##### THE DATA #####
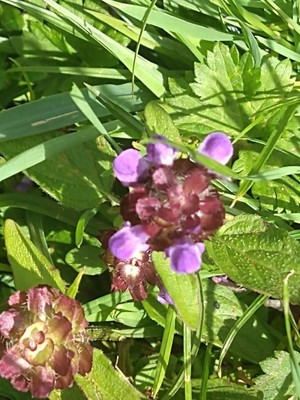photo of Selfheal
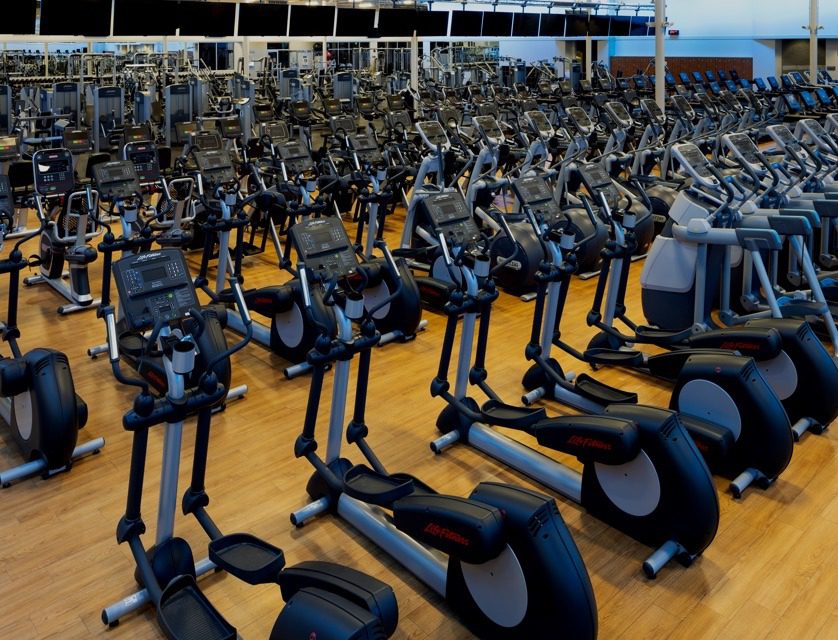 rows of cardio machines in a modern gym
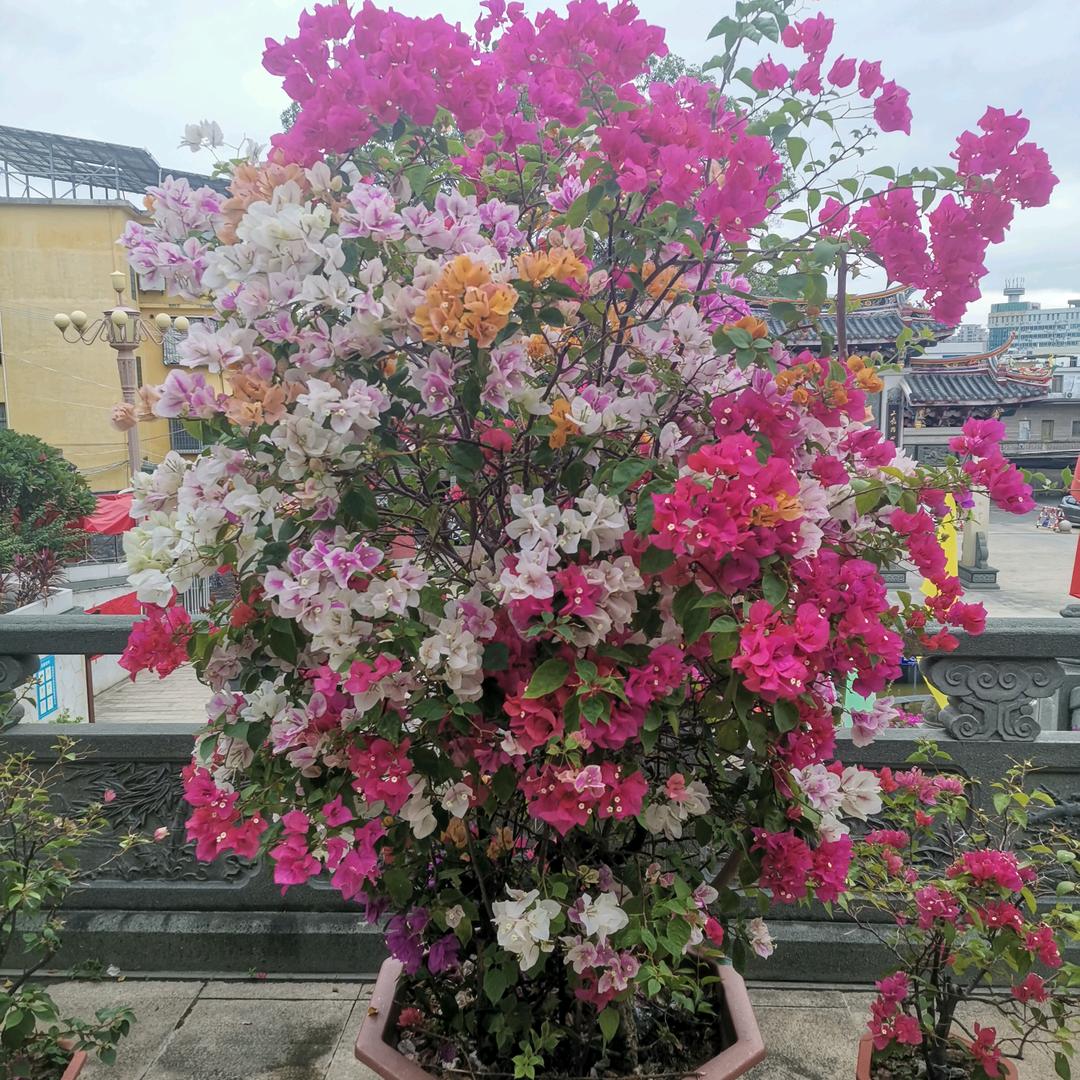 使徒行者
#####
##### THE DATA #####
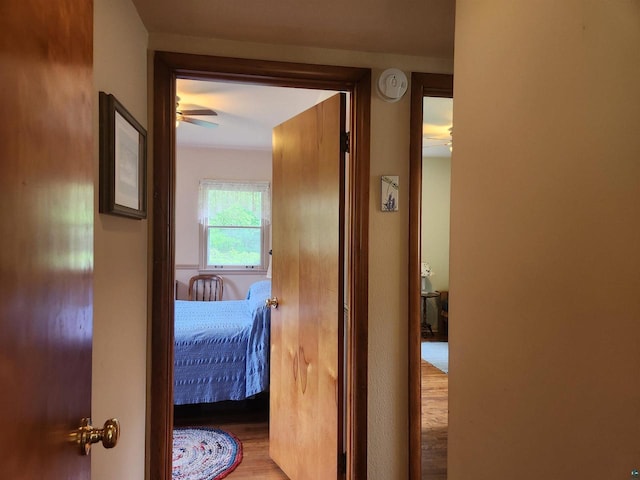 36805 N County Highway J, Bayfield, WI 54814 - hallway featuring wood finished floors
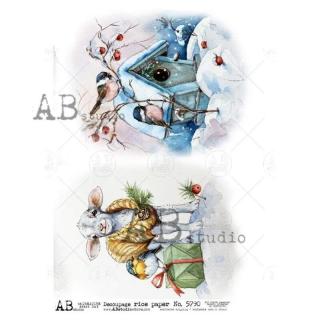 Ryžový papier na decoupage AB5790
#####
##### THE DATA #####
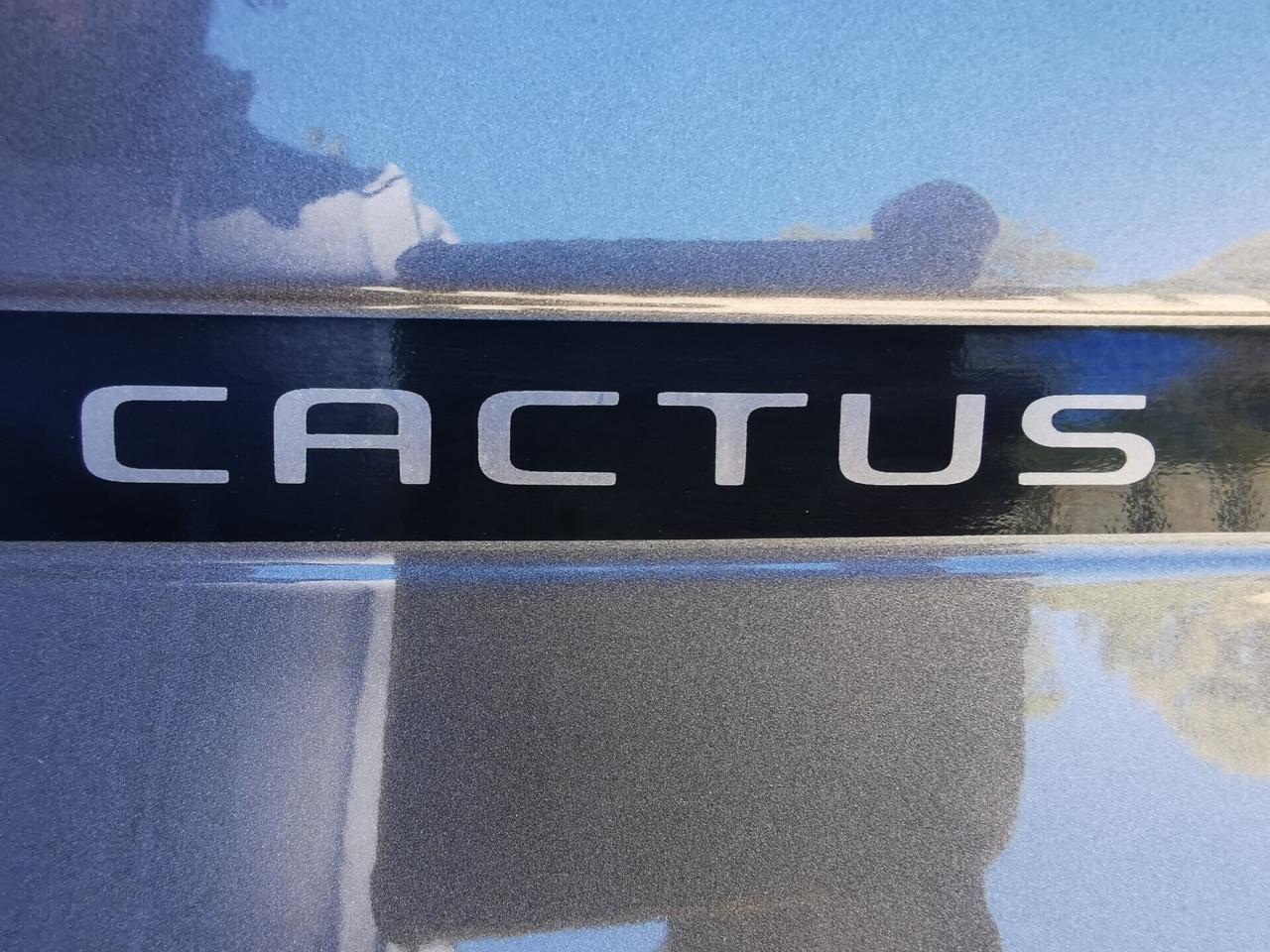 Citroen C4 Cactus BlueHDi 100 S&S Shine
#####
## TASK
Set the pictures aside and transcribe exactly the stretch of lines above, beginning with the one holding "36805 N County" and ending with the one holding "Ryžový papier na decoupage AB5790".

## RESPONSE TO THE EXERCISE
 36805 N County Highway J, Bayfield, WI 54814 - hallway featuring wood finished floors
 Ryžový papier na decoupage AB5790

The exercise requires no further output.